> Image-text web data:

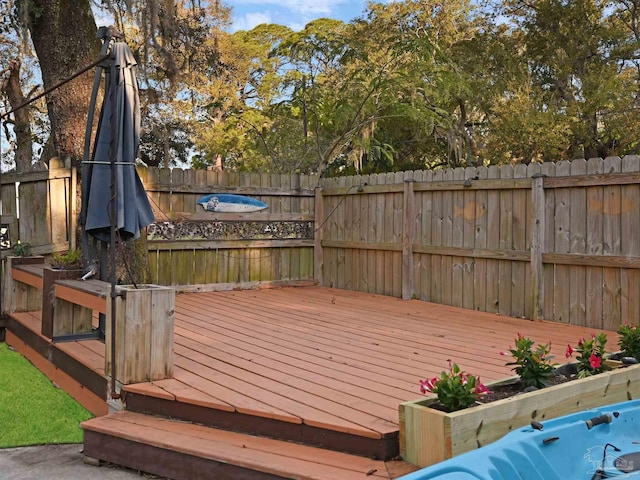 2701 E De Soto St, Pensacola, FL 32503 - wooden terrace featuring a fenced backyard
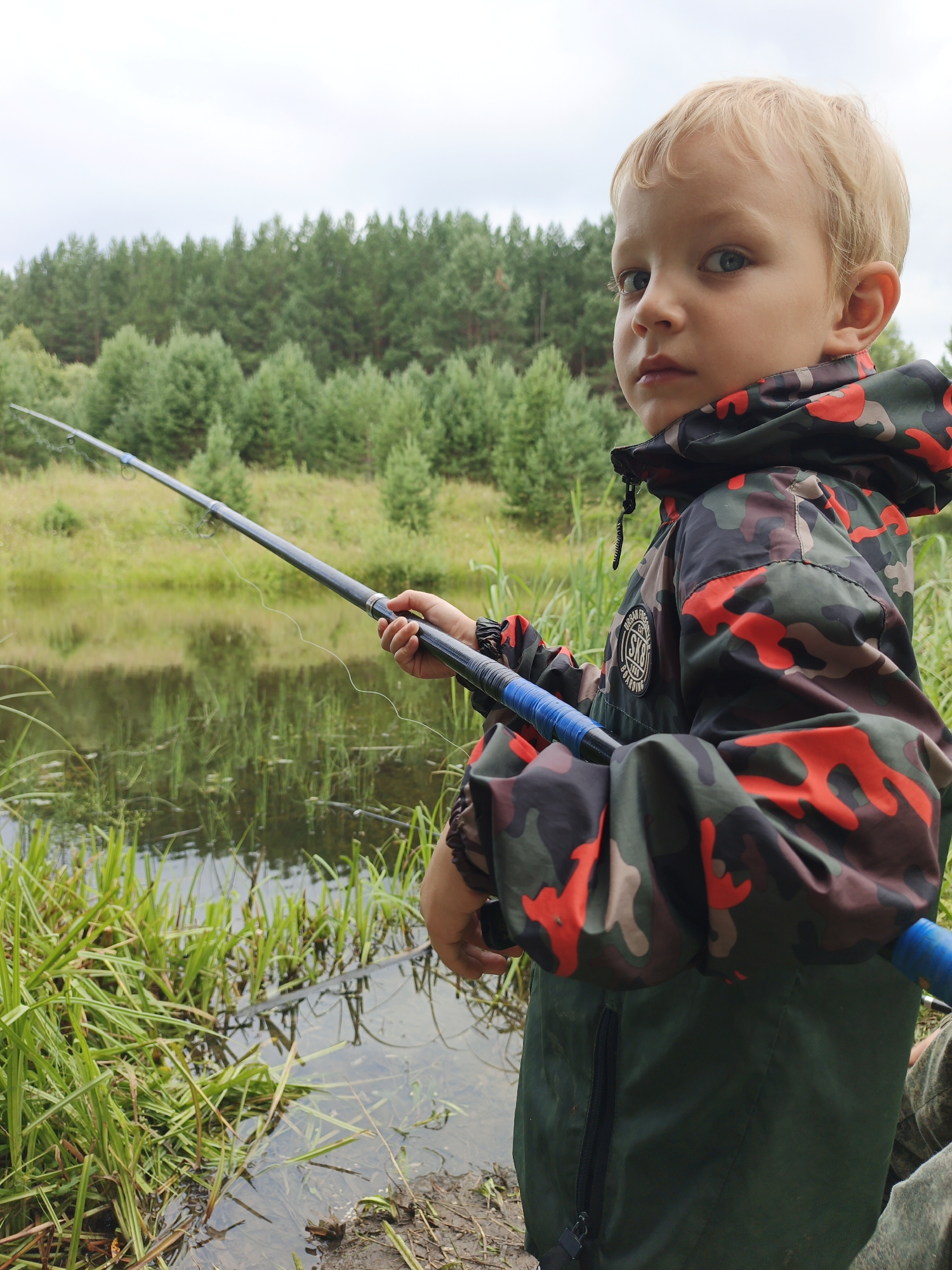 A young boy with blonde hair and blue eyes is fishing by a lake in Medvedyovka, Russia. He is wearing a camouflage jacket with red and green patterns. The boy is holding a fishing rod, and the line is in the water. Tall green trees line the lake in the background. The sky is overcast.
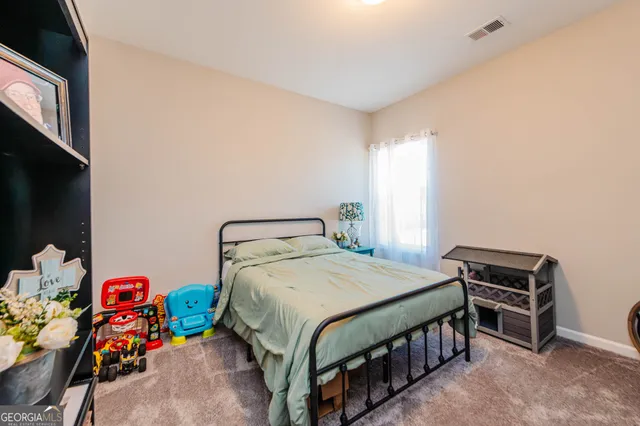 a bedroom with a bed and a tv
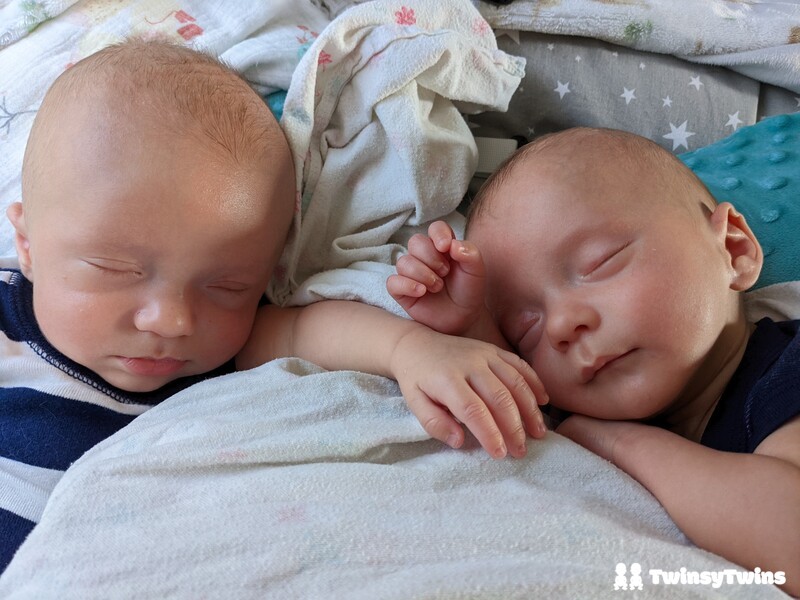 Dual Feeds Newborn Twins Sleeping Side By Side In Moms Lap Muslin Blanket Twin Z Pillow After Breastfeeding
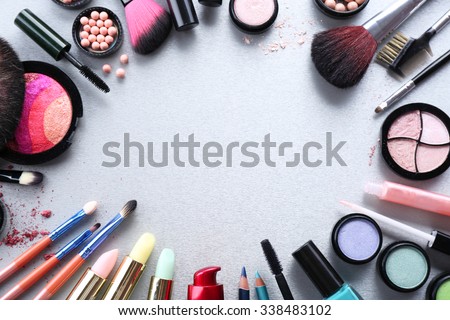 Frame of woman\'s decorative cosmetics on light background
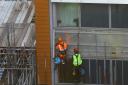 Workmen removing cladding from a block of flats in Paddington in December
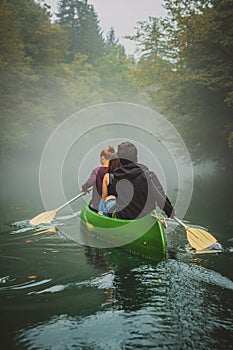 Canoeing in a cold and foggy environment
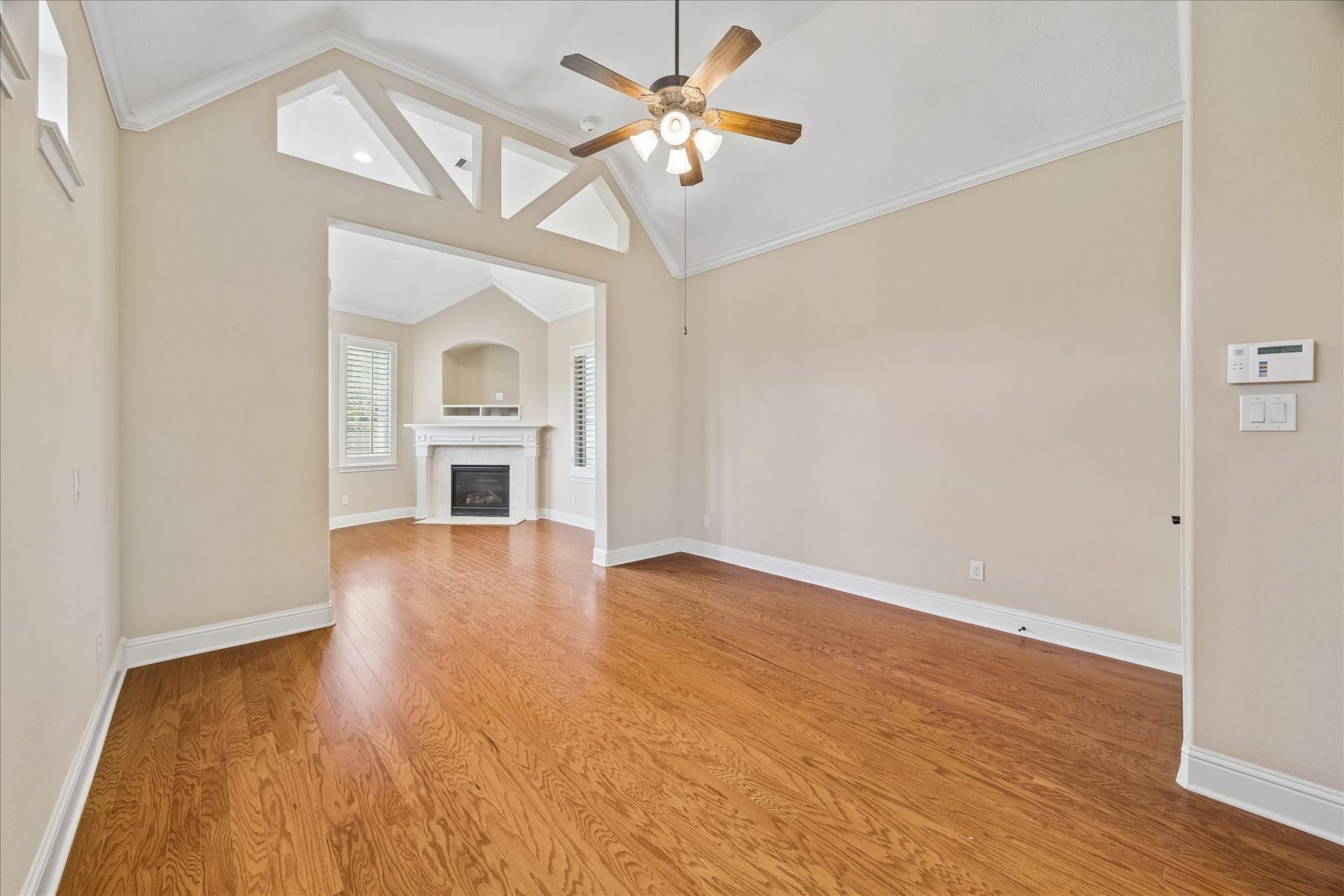 4506 Beacon View Court, Sugar Land, TX 77479 Primary suite sitting area is anchored by its gas log fireplace.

> Exercise requirements:
Only lines belong in the copy, not pictures: write out exactly the lines of the records from the first through the one holding "Dual Feeds Newborn".

> Reply to the exercise:
 2701 E De Soto St, Pensacola, FL 32503 - wooden terrace featuring a fenced backyard
 A young boy with blonde hair and blue eyes is fishing by a lake in Medvedyovka, Russia. He is wearing a camouflage jacket with red and green patterns. The boy is holding a fishing rod, and the line is in the water. Tall green trees line the lake in the background. The sky is overcast.
 a bedroom with a bed and a tv
 Dual Feeds Newborn Twins Sleeping Side By Side In Moms Lap Muslin Blanket Twin Z Pillow After Breastfeeding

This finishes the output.